In drafting this exhortation, the parties considered, but could not agree on, sterner language. The Canadian government had proposed using the word "shall" so that any formal derogation of environmental standards would be eligible for dispute settlement. When the Bush administration rejected this proposal, the parties settled on consultations only.73
The inclusion of an enforceable investment rule in NAFTA would raise several difficult issues for the United States. One is whether the federal government has the authority to regulate state competition for investment. Another issue is whether a prohibition against lowering environmental standards to attract investment would have an unintended effect of keeping standards lower than optimal. A third issue concerns how waivers and other flexible provisions would be treated in determining when derogation occurs. It appears that more research and analysis is needed to address these and other issues.74
Clarifying the Environmental Exception
In incorporating GATT's exceptions into NAFTA, the parties state that GATT Article XX(b) embraces "environmental measures" and that Article XX(g) applies to living as well as non-living resources.75 Although this is a benign clarification, it is not a "green" provision in the sense of permitting additional environmental measures. Nor does it establish any new principle in trade law. Since 1946, the Canada-Mexico Trade Agreement has included an exception for trade restrictions "imposed for the protection of plants or animals, including measures for protection against disease, degeneration or extinction."76 This treaty is noteworthy because it demonstrates that, even 47 years ago, import restrictions aimed at preventing species extinction were considered legitimate.
Energy
In contrast to these aforementioned "green" provisions, there is one that is potentially "anti-environment." Under NAFTA, the "Parties agree to allow existing or future incentives for oil and gas exploration, development, and related activities in order to maintain the reserve base for these energy resources."77 Perhaps this provision is intended merely to permit, rather than to require, continued incentives.78 But as drafted, it could inhibit policy reforms to curtail fossil-fuel incentives as part of a strategy to combat global warming.79 Moreover, NAFTA's energy chapter does not even address the issue of whether greater trade in fossil fuels is consistent with sustainable development.
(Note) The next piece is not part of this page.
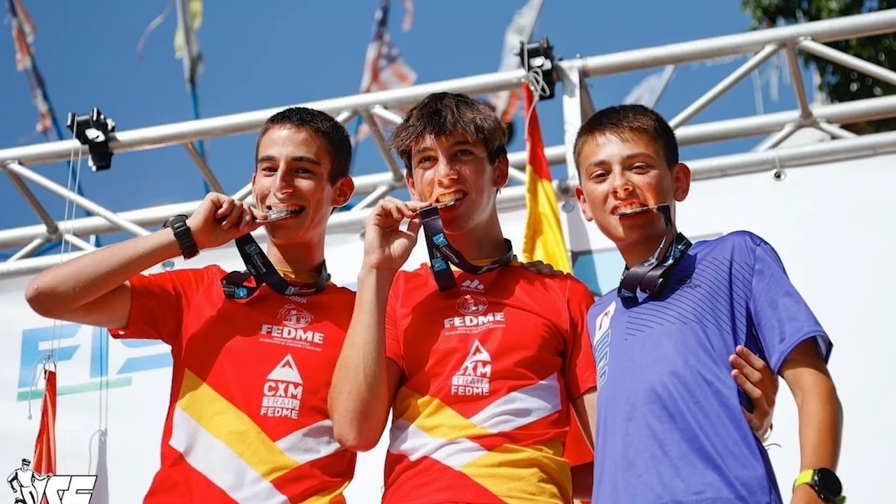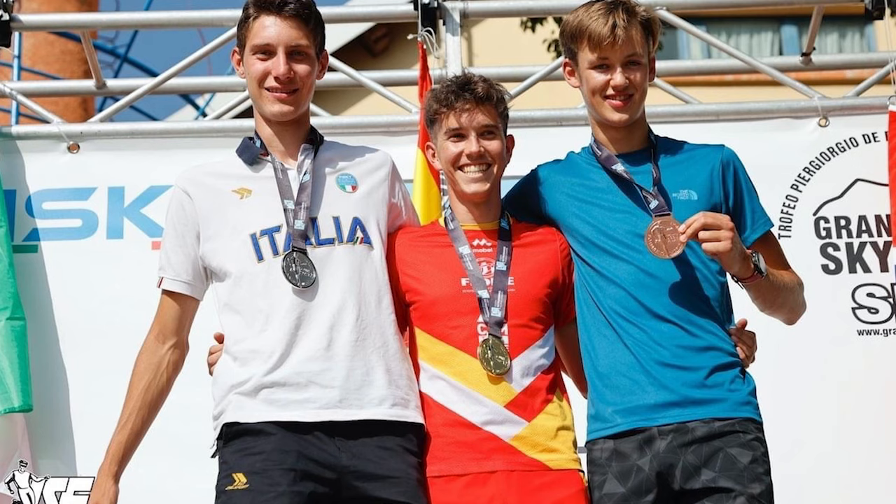If you want to really improve, you are in the right place. With the training that I will explain in this video, there have been two vertical kilometers of the world, so stay until the end because you won't regret it. Let's see.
Assessment and Recommendations
NAFTA is attentive to some environmental concerns. But its credibility has been undermined by the hyperbole of the Bush administration. For instance, Ambassador Hills claimed that NAFTA "is the first such accord to include provisions to protect and improve the environment."80 Yet nearly every U.S. trade agreement in this century has respected laws relating to life and health.81
Nevertheless, NAFTA reflects a great improvement over the environmental provisions in the Uruguay Round. The most important reforms are:
fewer strings on national choice of "appropriate" level of protection,
elimination of the least-trade-restrictive test,
a tilt toward upward harmonization,
deference to the three major international environmental treaties, and
hortatory language against relaxing standards to attract investment.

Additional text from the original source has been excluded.